Effects of arsenic implantation and rapid thermal annealing on ZnO nanorods for p-type doping

Abstract

Ion implantation is a useful method of fabricating p-type zinc oxide (ZnO) nanorods; however, it typically causes structural defects in the substrate material. Rapid thermal annealing (RTA) is a well-known annealing process in the semiconductor industry used to restore lattice defects, and it has the advantage of a fast processing time. Herein, we report on the effects of arsenic (As) implantation and RTA on ZnO nanorods for p-type doping. As+ ions were implanted using a mid-current ion implanter. A long-duration RTA of over 10 min that was used to activate the implanted As+ ions and recover the destroyed ZnO lattice changed the morphology of the As+-ion-implanted regions. The structural recovery after RTA at over 750 °C for 1 min was significant.
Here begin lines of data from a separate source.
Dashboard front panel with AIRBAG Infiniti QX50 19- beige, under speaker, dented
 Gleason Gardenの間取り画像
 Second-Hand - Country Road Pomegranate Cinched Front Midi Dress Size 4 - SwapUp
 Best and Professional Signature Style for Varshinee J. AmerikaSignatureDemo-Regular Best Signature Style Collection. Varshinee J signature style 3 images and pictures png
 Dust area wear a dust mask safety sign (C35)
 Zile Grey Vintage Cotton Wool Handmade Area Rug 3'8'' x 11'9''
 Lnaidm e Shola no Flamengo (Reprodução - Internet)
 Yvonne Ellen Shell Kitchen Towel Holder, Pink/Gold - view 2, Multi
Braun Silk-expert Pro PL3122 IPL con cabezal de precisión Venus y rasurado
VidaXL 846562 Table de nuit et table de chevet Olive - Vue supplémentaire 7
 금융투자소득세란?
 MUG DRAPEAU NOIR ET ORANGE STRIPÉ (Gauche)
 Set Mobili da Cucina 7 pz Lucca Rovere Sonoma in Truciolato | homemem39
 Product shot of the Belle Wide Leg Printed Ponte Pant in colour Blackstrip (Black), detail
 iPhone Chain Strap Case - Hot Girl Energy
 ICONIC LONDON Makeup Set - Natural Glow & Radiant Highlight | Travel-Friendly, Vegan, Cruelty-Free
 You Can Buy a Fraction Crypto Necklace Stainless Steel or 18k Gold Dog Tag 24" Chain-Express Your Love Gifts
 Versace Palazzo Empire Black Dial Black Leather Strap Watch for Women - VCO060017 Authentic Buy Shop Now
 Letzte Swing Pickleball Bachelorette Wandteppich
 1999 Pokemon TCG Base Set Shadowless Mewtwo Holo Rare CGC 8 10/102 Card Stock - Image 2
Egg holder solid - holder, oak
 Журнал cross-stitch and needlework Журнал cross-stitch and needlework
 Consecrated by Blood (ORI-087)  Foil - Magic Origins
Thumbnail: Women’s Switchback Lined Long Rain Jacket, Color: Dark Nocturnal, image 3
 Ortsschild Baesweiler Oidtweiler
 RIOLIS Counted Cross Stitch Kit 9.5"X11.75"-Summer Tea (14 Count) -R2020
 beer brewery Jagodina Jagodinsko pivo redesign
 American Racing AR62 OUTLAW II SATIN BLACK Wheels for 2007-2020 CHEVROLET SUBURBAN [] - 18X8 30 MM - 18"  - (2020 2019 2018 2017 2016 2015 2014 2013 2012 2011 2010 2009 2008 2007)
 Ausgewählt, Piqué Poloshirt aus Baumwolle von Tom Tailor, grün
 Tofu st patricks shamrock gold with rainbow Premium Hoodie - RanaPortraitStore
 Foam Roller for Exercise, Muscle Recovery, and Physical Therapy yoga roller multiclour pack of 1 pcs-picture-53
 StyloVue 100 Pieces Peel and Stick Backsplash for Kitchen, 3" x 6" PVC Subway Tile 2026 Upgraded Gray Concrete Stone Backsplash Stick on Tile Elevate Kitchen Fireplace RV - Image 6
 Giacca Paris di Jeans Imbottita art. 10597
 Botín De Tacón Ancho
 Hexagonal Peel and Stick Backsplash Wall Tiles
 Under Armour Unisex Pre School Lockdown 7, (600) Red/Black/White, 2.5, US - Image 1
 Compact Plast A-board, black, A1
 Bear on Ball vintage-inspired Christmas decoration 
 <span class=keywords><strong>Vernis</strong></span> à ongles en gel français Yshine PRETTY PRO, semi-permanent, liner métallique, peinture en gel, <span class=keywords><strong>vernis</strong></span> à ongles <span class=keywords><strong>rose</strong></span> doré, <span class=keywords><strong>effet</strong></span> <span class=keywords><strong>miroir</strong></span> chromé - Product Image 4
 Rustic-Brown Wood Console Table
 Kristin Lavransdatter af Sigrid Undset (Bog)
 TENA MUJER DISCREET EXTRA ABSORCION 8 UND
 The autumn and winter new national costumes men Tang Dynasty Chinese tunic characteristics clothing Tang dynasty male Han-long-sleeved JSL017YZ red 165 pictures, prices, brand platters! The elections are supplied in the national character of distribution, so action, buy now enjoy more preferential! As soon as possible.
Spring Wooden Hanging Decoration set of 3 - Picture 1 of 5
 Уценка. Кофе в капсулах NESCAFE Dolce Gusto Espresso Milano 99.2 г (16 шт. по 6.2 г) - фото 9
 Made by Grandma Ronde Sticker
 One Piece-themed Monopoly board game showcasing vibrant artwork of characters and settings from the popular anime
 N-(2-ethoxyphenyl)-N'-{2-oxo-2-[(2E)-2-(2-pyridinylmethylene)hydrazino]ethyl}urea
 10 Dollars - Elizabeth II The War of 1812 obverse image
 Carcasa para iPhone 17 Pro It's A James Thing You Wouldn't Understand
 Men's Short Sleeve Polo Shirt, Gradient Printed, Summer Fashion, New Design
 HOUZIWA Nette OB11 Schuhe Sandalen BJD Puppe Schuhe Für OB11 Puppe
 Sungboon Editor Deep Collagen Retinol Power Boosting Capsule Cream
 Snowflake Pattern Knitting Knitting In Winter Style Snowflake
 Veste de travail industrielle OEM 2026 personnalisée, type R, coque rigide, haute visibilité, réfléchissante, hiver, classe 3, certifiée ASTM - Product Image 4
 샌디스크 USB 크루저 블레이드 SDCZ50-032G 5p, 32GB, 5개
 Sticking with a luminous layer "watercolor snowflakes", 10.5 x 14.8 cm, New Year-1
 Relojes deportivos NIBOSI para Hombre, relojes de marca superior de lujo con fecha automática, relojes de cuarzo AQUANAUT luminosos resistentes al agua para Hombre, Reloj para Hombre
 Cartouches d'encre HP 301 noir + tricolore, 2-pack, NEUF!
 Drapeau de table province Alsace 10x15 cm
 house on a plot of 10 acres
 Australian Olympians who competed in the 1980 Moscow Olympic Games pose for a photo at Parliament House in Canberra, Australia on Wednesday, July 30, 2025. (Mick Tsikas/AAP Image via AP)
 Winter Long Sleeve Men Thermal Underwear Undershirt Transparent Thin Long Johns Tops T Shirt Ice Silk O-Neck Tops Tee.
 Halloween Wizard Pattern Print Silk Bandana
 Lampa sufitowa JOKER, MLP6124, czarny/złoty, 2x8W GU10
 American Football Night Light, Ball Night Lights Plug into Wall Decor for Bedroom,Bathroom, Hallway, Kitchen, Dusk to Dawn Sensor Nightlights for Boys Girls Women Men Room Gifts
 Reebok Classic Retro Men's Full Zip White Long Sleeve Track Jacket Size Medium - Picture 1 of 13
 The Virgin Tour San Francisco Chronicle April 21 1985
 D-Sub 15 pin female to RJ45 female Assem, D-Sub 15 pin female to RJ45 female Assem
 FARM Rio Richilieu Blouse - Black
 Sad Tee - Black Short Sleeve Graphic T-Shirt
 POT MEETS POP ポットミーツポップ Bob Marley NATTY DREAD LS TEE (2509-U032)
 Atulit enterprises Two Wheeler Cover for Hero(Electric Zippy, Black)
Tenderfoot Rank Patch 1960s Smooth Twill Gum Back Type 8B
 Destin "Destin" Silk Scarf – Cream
In the low-temperature photoluminescence spectra, a new acceptor-bound exciton emission (A°X) peak associated with the As acceptor was observed. When RTA was conducted at 950 °C, p-type behavior of the As-doped ZnO nanorods could be observed, and the hole concentration was determined to be 6.311 × 1016 cm−3. This result indicates that the implanted As+ ions were activated as p-type dopants for 1 min.